Las Mercedes de día y Altamira de noche

(Caracas) Todos los días que camino por Las Mercedes me encuentro con la amigable presencia del señor José Antonio. José Antonio González es mejor conocido como Colono o como el mendigo de Las Mercedes. Él vive ahí de día y en Altamira de noche. Me suele saludar a lo lejos con su hermosa sonrisa. Me pregunta siempre por mi madre, por el trabajo, por la universidad y por mi perra. Mi perra ya murió hace dos años y nunca he tenido el valor de decírselo.
Llevo tres días buscándolo para tomarle unas fotos, hasta que por fin lo veo. Esta sentadito viendo a todo el mundo caminar. Compro un café, un chocolate y me le acerco. Empezamos a hablar y el señor José Antonio me empieza a contar de su vida y de su soledad. Su madre murió cuando él tenía apenas 12 años y nunca conoció a su padre. Tres hermanos quedaron huérfanos y sin familia. Cecilia, la madre, se convirtió a testigo de Jehová, cosa que no le gustó mucho al resto de la familia. Todos se alejaron para más nunca hablarse y para nunca dignarse a cuidar a tres niños sin hogar. Ya viviendo en las calles, murió el hermano menor de José. Quedaron sólo dos hermanos, juntos para defenderse del mundo, pero esto no ocurrió así. Los hermanos se separaron y no se volvieron a ver. Pero José siempre supo de él. Resulta que a Juan le fue muy bien en esta vida; logró ir al colegio y a la universidad, se casó y tuvo un hijo, que trabaja en Las Mercedes. Hace un par de meses el sobrino de José Antonio llegó a su trabajo y lo vio a lo lejos. Lo llamó para darle la noticia: José ¿tú sabes que Juan ha muerto? Estuvo enfermo mucho tiempo. Cáncer.
Claro está que el señor José Antonio no fue al colegio. Sabe leer pero no escribir. Le digo que yo le puedo enseñar cuando quiera. Me dice que no. Que si no aprendió de chiquito, ya no hay más remedio. Igual a él solo le interesa leer. Cierto, lo veo todos los días periódico en mano. Le pregunto si quiere un trabajo y un ingreso fijo. Se ríe y me dice que nada que ver: el dinero funciona de una forma muy rara, tu ves, te ata, pero te libera. Ay, cómo el dinero te resuelve la vida. Yo sí quisiera dinero y una casita para no pasar tanto trabajo acá en la calle. Pero es que a mí al final, me gusta. Es donde me siento feliz.
¿Y dígame que es lo que le da más felicidad de la calle? Pues las mujeres. Las veo siempre. Subiendo, bajando. Mujeres por todos lados (risas y más risas). La gente además está como contenta siempre, apurados eso sí, pero contentos todos.
Recuerdo una anécdota de una amiga estudiante de medicina.
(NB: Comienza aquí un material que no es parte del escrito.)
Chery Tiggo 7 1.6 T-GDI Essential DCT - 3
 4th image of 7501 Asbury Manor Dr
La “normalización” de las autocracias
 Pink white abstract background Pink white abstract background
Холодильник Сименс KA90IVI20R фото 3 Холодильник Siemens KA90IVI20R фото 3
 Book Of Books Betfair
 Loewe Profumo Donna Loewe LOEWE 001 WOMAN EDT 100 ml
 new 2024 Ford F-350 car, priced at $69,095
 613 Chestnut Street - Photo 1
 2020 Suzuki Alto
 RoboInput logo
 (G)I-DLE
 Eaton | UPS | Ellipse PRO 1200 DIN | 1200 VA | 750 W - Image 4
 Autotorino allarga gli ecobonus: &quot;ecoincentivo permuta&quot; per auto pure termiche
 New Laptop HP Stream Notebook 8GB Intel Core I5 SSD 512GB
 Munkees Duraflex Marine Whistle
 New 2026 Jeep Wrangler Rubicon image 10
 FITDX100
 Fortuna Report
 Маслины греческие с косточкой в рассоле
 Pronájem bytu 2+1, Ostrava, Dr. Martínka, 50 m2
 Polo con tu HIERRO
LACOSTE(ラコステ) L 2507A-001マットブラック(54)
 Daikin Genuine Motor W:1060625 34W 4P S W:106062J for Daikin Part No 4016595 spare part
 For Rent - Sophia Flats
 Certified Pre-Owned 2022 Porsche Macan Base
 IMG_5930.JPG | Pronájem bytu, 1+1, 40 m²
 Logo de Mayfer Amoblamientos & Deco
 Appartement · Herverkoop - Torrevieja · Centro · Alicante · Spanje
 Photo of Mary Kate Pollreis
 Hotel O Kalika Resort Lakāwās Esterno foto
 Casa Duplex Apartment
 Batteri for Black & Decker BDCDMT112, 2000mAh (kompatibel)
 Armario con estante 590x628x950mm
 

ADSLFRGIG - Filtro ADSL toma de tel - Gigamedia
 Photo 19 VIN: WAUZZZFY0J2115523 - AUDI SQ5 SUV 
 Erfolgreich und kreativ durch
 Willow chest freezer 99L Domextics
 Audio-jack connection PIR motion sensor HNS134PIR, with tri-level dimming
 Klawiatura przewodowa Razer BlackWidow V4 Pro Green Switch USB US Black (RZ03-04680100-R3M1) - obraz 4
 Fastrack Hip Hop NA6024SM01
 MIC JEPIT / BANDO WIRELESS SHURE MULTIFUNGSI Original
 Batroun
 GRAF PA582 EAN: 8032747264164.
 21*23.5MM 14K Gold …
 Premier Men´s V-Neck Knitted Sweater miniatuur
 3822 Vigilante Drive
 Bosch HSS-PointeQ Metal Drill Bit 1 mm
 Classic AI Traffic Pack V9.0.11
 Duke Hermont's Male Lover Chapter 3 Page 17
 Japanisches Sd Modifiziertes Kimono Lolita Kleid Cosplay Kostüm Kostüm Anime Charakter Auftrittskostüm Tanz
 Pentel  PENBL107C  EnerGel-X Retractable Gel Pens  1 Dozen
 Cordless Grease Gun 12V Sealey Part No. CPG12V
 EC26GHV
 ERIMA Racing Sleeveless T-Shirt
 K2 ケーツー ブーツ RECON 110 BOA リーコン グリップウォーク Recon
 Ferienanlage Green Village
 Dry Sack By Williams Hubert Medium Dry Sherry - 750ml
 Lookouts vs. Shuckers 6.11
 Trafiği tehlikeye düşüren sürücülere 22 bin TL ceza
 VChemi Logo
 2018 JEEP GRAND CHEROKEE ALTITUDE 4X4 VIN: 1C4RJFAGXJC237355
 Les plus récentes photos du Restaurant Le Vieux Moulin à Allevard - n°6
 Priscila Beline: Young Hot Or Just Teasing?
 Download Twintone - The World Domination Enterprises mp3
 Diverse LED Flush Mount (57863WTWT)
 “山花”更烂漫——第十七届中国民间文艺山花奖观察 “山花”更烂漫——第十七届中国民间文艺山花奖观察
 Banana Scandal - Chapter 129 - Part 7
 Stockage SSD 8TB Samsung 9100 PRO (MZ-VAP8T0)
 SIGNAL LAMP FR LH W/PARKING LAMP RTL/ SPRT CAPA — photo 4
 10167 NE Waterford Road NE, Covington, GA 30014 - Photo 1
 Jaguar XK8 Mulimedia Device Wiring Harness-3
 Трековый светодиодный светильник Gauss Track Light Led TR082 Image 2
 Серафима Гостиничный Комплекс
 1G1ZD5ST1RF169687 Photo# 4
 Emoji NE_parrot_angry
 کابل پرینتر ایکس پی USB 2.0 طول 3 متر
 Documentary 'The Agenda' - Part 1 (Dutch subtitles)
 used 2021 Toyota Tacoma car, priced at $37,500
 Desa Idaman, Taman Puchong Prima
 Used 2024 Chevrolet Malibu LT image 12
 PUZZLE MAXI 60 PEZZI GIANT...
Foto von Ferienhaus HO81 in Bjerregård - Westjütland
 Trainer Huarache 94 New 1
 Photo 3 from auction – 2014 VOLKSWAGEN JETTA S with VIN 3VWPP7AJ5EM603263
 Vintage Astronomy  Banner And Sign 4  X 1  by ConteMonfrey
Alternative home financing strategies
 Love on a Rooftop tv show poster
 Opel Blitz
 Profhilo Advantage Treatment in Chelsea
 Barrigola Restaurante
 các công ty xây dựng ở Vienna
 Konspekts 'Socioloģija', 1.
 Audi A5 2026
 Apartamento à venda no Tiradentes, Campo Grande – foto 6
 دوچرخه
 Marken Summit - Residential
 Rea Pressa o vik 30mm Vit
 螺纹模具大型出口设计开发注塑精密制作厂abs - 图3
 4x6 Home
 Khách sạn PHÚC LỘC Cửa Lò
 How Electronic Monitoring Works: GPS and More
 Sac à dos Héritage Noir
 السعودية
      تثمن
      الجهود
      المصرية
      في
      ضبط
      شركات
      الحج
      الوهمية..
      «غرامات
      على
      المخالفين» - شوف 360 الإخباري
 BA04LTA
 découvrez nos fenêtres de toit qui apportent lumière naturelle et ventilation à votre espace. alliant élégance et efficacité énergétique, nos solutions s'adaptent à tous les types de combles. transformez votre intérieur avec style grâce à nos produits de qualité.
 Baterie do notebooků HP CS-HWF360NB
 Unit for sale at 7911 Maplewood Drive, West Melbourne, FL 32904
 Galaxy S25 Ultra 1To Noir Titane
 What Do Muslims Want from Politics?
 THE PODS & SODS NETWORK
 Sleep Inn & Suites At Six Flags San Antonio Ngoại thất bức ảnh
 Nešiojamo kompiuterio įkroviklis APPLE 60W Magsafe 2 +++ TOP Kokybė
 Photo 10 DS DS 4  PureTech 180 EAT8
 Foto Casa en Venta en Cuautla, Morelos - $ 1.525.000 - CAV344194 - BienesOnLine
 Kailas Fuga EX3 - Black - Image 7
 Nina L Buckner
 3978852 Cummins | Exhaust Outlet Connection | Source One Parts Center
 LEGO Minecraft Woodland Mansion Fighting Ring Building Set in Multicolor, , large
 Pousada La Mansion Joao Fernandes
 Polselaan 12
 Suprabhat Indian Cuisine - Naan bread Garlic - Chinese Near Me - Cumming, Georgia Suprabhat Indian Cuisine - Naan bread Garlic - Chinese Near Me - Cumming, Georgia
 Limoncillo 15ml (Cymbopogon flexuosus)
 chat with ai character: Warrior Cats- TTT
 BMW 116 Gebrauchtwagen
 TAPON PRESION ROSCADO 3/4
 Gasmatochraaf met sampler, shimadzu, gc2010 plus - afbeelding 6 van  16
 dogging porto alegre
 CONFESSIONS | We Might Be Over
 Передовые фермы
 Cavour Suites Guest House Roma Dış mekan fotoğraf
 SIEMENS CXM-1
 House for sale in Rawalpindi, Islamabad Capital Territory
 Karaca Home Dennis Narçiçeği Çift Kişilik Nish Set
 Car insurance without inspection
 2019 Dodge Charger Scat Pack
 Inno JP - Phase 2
Me contaba que una vez tuvo que atender a un mendigo. Tenía el ojo infectado, tan infectado que había gusanos. Un buen samaritano lo vio con el ojo putrefacto y lo trajo al hospital, pero ahí no pudieron hacer mucho por el por falta de insumos. La historia de siempre, una historia en la que ahora no ahondaremos mucho.
Pero José Antonio me dice que él nunca ha tenido que ir al hospital. Hace poco tuvo una gripe fastidiosa, pero se curó solita. Yo creo que no. Tiene una tos bien fea. Me dice que él es sano, lo más sano que puede. Fumaba antes pero ya no, ni aguardiente, ni drogas. Nada de eso.
Espero que algún día, si algo le pasa al señor José Antonio, alguien venga a ayudarlo. Pero él me repite una y otra vez que siempre ha estado solo en esta vida. Se crio solo y se cuidó él solo. Que nunca ha tenido apoyo ni familia.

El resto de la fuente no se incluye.